**TASK OBJECTIVE:** Which of the lines in the data mention the string "Floral"? List them all.

--- DATA SUPPLIED Enclosed Below ---

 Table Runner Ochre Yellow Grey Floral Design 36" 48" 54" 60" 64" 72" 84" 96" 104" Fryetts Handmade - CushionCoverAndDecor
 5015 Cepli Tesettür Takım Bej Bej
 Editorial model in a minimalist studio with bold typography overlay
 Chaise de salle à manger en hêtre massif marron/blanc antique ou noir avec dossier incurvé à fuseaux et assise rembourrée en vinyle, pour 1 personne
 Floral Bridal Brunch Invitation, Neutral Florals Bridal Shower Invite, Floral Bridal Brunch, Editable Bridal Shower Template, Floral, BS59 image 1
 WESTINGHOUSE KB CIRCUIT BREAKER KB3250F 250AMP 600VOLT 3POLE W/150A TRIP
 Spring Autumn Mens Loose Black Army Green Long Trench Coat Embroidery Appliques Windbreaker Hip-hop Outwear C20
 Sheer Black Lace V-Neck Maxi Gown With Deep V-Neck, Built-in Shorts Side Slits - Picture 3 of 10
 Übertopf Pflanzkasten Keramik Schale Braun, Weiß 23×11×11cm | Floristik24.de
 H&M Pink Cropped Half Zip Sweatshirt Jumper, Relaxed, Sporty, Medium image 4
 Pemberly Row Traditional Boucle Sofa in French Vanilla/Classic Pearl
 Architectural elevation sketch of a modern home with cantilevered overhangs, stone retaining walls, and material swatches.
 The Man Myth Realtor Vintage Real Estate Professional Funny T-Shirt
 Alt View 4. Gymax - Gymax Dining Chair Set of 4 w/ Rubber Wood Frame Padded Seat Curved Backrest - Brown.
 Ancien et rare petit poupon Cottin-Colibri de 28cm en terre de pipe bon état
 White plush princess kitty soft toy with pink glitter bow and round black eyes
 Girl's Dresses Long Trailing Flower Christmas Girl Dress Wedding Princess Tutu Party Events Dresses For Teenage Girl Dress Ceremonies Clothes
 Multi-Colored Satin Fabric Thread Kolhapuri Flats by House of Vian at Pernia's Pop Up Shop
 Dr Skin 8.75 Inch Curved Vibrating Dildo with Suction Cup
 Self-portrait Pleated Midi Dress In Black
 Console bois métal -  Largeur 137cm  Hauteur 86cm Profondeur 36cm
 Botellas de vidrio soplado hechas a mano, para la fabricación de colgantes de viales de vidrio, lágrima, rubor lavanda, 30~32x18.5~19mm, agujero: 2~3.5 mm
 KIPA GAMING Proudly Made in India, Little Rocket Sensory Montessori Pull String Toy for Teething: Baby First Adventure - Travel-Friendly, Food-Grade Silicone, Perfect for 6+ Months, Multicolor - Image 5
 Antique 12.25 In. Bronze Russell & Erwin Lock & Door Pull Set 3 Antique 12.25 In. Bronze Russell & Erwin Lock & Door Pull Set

--- End of Enclosed DATA SUPPLIED ---

**REPLY:**
 Table Runner Ochre Yellow Grey Floral Design 36" 48" 54" 60" 64" 72" 84" 96" 104" Fryetts Handmade - CushionCoverAndDecor
 Floral Bridal Brunch Invitation, Neutral Florals Bridal Shower Invite, Floral Bridal Brunch, Editable Bridal Shower Template, Floral, BS59 image 1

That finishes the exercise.